- Seattle, Washington United States

Information
- Type: Private
- Established: 1978
- Closed: 2022
- Locale: Urban
- Head of School: Andie Merlino
- Faculty: 32
- Grades: 9–12
- Enrollment: 66
- Colors: Blue, White
- Mascot: Lion
- Team name: Saints
- Website: www.seattlelutheran.org

= Seattle Lutheran High School =

Seattle Lutheran High School was a Lutheran high school located in the West Seattle neighborhood of Seattle, Washington. It was founded in 1978.

On April 22, 2022, it was announced that Seattle Lutheran would be shut down at the end of the 2021–2022 school year.

==Sports==
The school offered seasonal sports at the varsity, and when applicable, the junior varsity, and 'C-team' level.
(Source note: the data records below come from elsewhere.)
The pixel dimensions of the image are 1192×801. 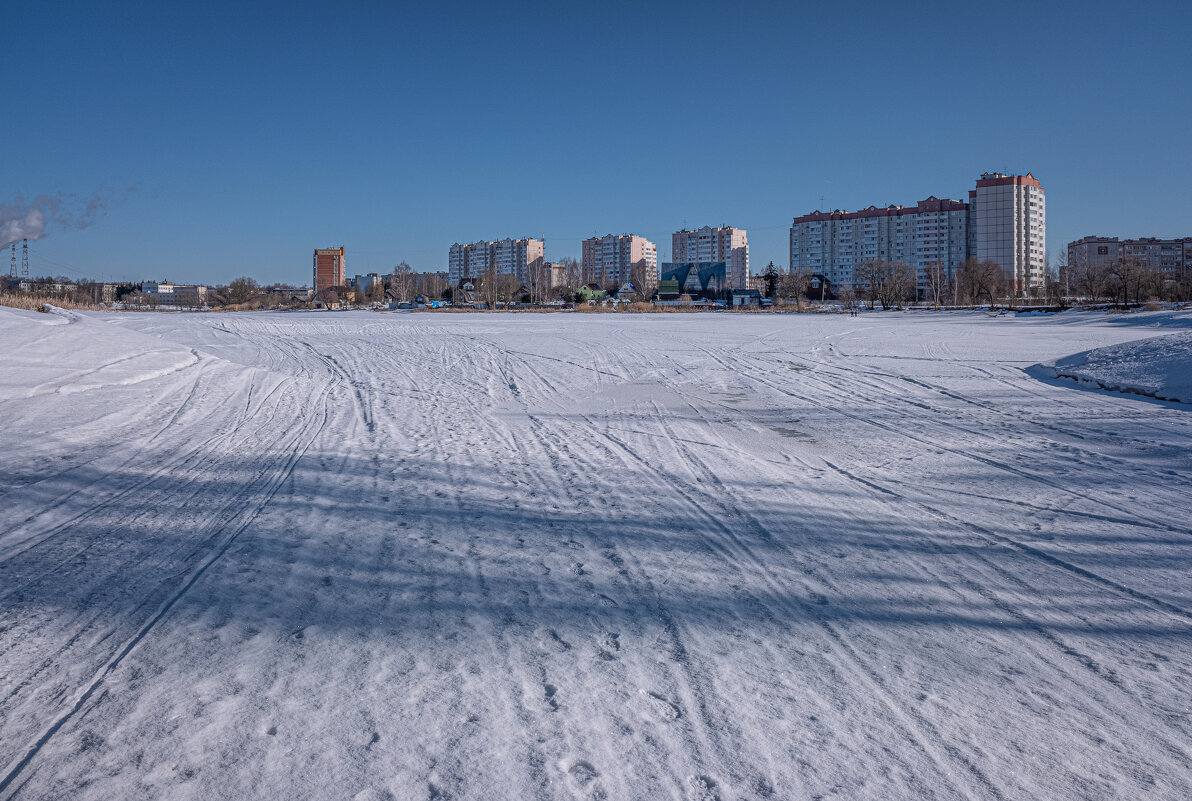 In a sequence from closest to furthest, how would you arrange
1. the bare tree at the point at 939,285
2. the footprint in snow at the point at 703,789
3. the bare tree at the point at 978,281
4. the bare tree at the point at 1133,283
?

SLHS competed in the Seatac 1B League. Men's basketball filled the winter season, and spring sports included baseball, golf, and track and field. Cheerleading was offered during the fall and winter seasons.
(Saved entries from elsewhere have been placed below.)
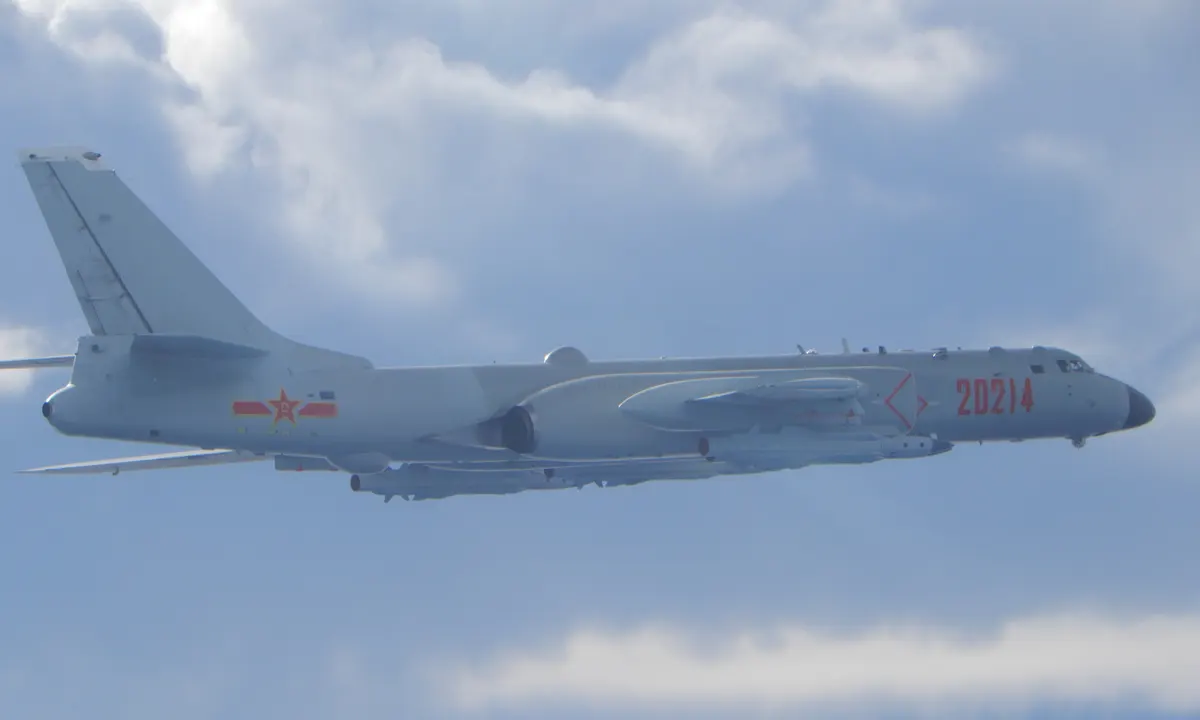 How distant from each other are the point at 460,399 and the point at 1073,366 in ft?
41.8

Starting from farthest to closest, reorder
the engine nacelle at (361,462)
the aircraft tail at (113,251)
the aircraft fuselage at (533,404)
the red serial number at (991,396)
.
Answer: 1. the red serial number at (991,396)
2. the engine nacelle at (361,462)
3. the aircraft fuselage at (533,404)
4. the aircraft tail at (113,251)

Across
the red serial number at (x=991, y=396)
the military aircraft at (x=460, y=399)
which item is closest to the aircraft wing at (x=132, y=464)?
the military aircraft at (x=460, y=399)

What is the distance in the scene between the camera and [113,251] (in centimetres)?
2145

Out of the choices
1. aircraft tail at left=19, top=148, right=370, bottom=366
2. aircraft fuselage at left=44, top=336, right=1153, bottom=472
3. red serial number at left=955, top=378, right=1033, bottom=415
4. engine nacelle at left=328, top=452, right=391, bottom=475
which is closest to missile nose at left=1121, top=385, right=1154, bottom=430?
aircraft fuselage at left=44, top=336, right=1153, bottom=472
The baseball team won the Washington State Championship in 2010 and 2011.

The Women's Soccer team won the State 2B title in 2010.

Seattle Lutheran participated in FIRST Robotics competitions since 2004 as Team 1258 "Seabot", making it one of the oldest FIRST teams in the region. In 2022 the Team 1258 was the victor of the PNW District Bonney Lake Event and the PNW District Auburn Event.